The IL-24 downstream signaling pathways
3
IL-24 can interact with receptors in the cell membrane, endoplasmic reticulum (ER), cytoplasm, and mitochondria (Figure 2). Canonical IL-24 signaling proceeds via sequential activation events: plasma membrane IL-20 receptor engagement and downstream cytoplasmic Janus protein tyrosine kinases (JAK) and signal transducers and activators of transcription (STAT) cascade induction.
IL-24 signaling pathways and shared receptor subunits.
The noncanonical, JAK/STAT-independent arms of IL-24 signaling recruit distinct cellular machinery: cytosolic protein kinase R (PKR), mitochondrial respiratory chain proteins, and ER chaperones exemplified by sigma 1 receptor (Sig1R).
JAK/STAT-dependent signaling pathway
3.1
IL-24 signals through two distinct heterodimeric receptor complexes: the type I receptor (IL-20RA/IL-20RB), shared with IL-19 and IL-20, and the type II receptor (IL-22RA1/IL-20RB), shared with IL-20. The three receptor subunits are all expressed on non-immune cells, such as keratinocytes and bronchial epithelial cells, while IL-20RB is also expressed on immune cells. In different tissues, while IL-22RA1 is highly expressed in epithelial-rich tissues including the skin, intestine, liver, kidneys, and pancreas, IL-20RA exhibit a broader but distinct distribution pattern with robust expression in the skin, lungs, and reproductive organs (ovary, testes, placenta) and notably low levels in the intestine and liver (37). Specifically, in keratinocytes, the expression of IL-22RA1 was approximately 10 times higher than that of IL-20RA (38), suggesting that IL-20 and IL-24 primarily act on these cells via the type II receptor complex. Compared to IL-22RA1, which is largely restricted to epithelial cells, IL-20RA shows broader expression, including low-level constitutive expression on monocytes and dendritic cells (39, 40) and can be further induced in macrophages under inflammatory conditions (41). This differential expression pattern suggests that IL-24 signaling through IL-22RA1/IL-20RB predominantly affects epithelial homeostasis, while IL-20RA/IL-20RB signaling may modulate immune cell function in inflammatory contexts. IL-22, in contrast, exclusively uses the IL-22RA1/IL-10RB complex. Despite sharing the IL-22RA1 receptor subunit, IL-24 and IL-22 exhibit fundamentally distinct cellular sources and modes of action. IL-24 originates from ubiquitous epithelial expression, ensuring broad autocrine signaling. Conversely, IL-22 is mainly synthesized by immune cells (T cells and innate lymphoid cells) that penetrate the epidermis for focused, proximity-dependent delivery (42).

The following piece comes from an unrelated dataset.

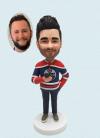 Custom Bobblehead – Male Figurine in Edmonton Oilers Jersey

IL-26 signals through IL-10RB/IL-20RA. Although these cytokines share receptor subunits and exhibit functional overlap in STAT3 activation and epithelial responses, emerging evidence indicates context-specific, non-redundant roles: immune activation for IL-19, skin homeostasis for IL-20, and tumor apoptosis and terminal keratinocyte differentiation inhibition for IL-24, whereas IL-22 promotes epithelial proliferation, IL-26 exhibits unique antimicrobial properties (41, 43).
Upon binding, these receptors trigger the JAK-STAT pathway. This cascade encompasses the activation of JAK1, JAK3, and TYK2, which subsequently drives downstream phosphorylation of STAT1 and STAT3 (44). IL-24 activates both STAT1 and STAT3 through either receptor complex (44), with STAT3 activation occurring at low physiological ligand concentrations and STAT1 activation requiring substantially higher levels (41). Furthermore, via the JAK/STAT-dependent activation of SOCS1 and SOCS3, IL-24 could attenuate the inflammatory Th17 cytokine program, thereby reducing Th17 cell pathogenicity (15).
Noncanonical JAK/STAT-independent signaling pathways
3.2
IL-24 stimulation leads to activation of various receptor-dependent intracellular signaling cascades, including activation of PKA and p38 pathway (40), which can also further induce JAK/STAT-independent SOCS protein activation and stabilize IL-24 mRNA (45, 46). Within the ER, IL-24 engaged the molecular chaperones BiP/GRP78 (47) and Sig1R (48), leading to ER stress. At the inner mitochondrial membrane, IL-24 interacts with respiratory chain protein Grim19, driving STAT3 accumulation within mitochondria (49). In the cytosol, IL-24 also can interact with PKR, thereby inducing STAT1 phosphorylation (50).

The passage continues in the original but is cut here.